I’ve also been observing the progress on the Xbox360 hacking, and I’m impressed. The hacking scene is more or less an organized anarchy that is frightfully productive. Now that I’ve had a little brush with being a manager in my day job, I can see that clarity of purpose obviates the Need For management; people just self-organize and things happen. I could ponder on this for many parargaphs, but I’ll spare you my treatise on human social behavior.

At any rate, some very interesting things are afoot. Much of it stems from the discovery of an all-media bootable kiosk demo disk. Many hackers will instantly recognize the value of this, but it’s still interesting to reflect on the significance of this find.

Like the original Xbox, the Xbox360 uses a media flag on its executables.

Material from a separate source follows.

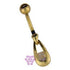 Teardrop Gem Gold Belly Dangle Belly Ring 14 gauge - 3/8" long (10mm) Gold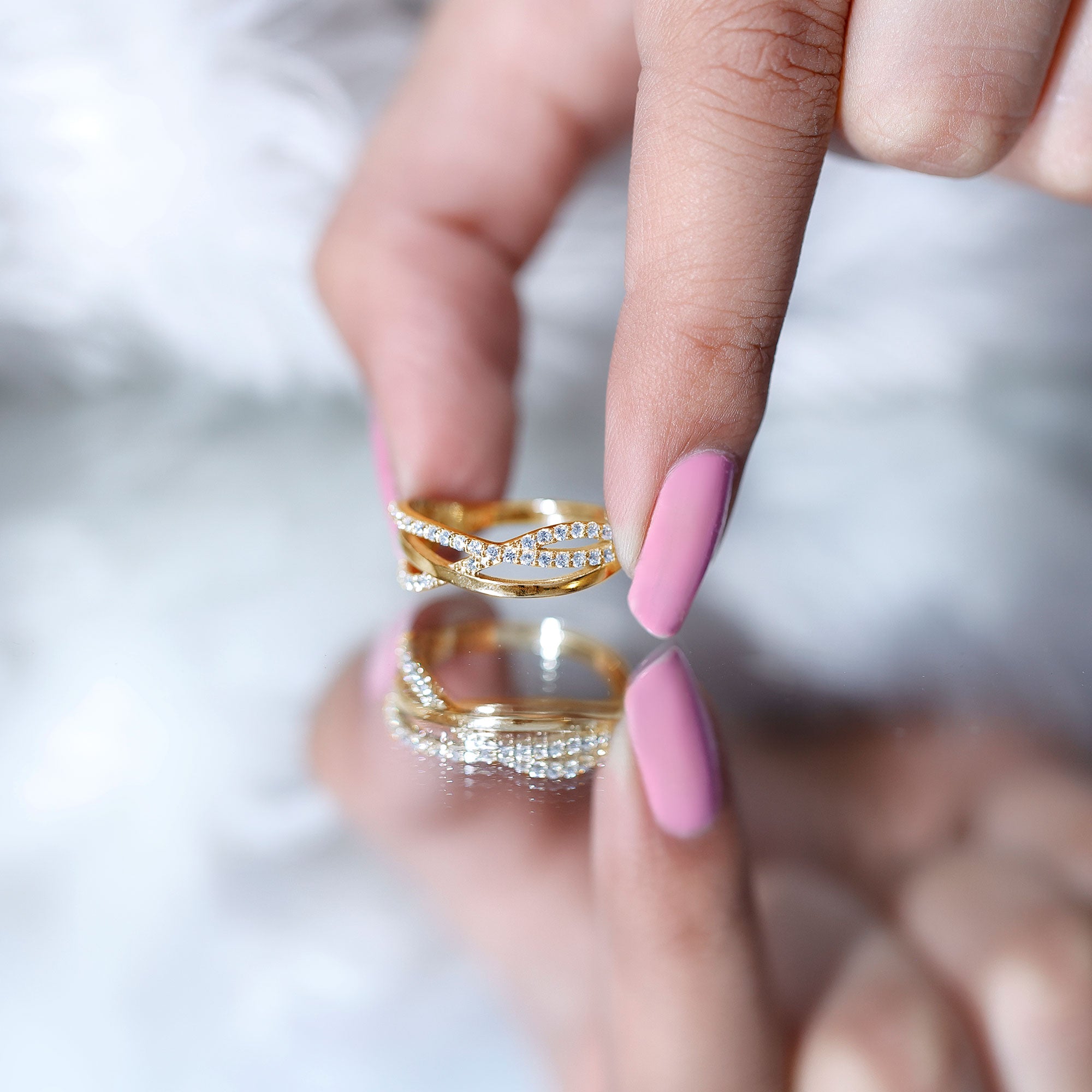 Rosec Jewels-Certified Lab Grown Diamond Orbit Ring for Women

The media flag tells the OS what type of media it should be on; typically, games are released with the flag set to Microsoft’s proprietary secure Xbox DVD format (which is in itself not that secure…). Significantly, only the executable is signed for a game; the data sections typically are not signed (presumably for performance reasons). Thus, one has the ability to fuzz the executable by corrupting the data sections, potentially invoking a buffer overrun or some other unintentional behavior–if one could effectively modify the data sections. Remember that this is normally not possible, since modifying the data segment requires making a copy to a writeable media, and this contradicts the signed media flag.

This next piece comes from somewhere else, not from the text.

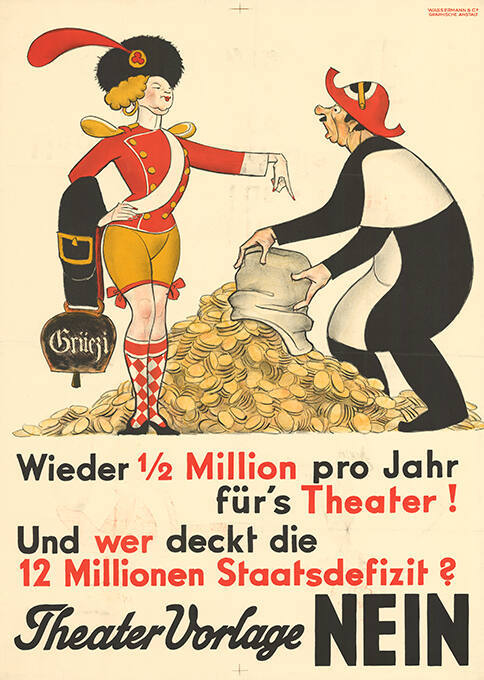 Wieder ½ Million pro Jahr für’s Theater! Und wer deckt die 12 Millionen Staatsdefizit? Theater Vorlage Nein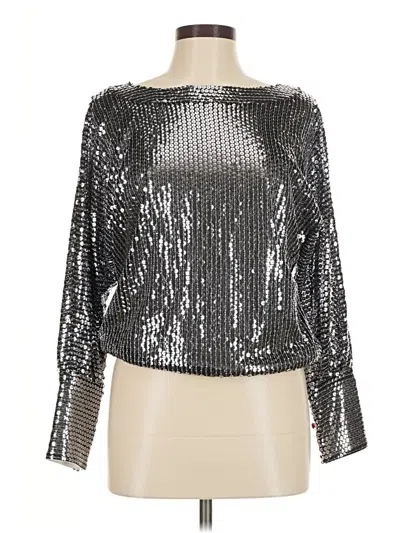 Pre-owned Trina Turk Long Sleeve Blouse In Silver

Thus, the run-anywhere demo disk now enables software hackers to create and test the interaction of signed executables with modified game data using no tool other than a DVD-RW drive (and an Xbox360 console, still considerably rare and difficult to obtain in the US). Some of the more interesting modifiable data regions include Shockwave Flash movies, and the pixel shaders executed by the GPU (more info can be found on the xboxhacker.net website). Of particular interest is the MEMEXPORT shader command in the 360, which could enable people to dump physical memory to the screen (where it can be digitized or extracted with a sniffer upstream of the ANA chip), or to some other peripheral function. Presuming plaintext kernel code can be extracted this way, it bootstraps further efforts in vulnerability analysis of the code running in the Xbox…and so forth. Of course, its quite possible that this hole is plugged, since Microsoft’s NGSCB spec calls for the Northbridge to limit DMA access from the graphics card to main memory. Furthermore, buffer overrun exploits have questionable applicability since each process runs as its own virtual machine and rumors has it that the no-execute bit is used on heap space. Still, I’m very surprised that such a media was even released into the wild by Microsoft…their own worst enemy is their own haste to get to the market and carelessness; security is for naught without consideration of human factors. Very exciting! Perhaps the Xbox360 will be opened without the need for significant hardware hacking.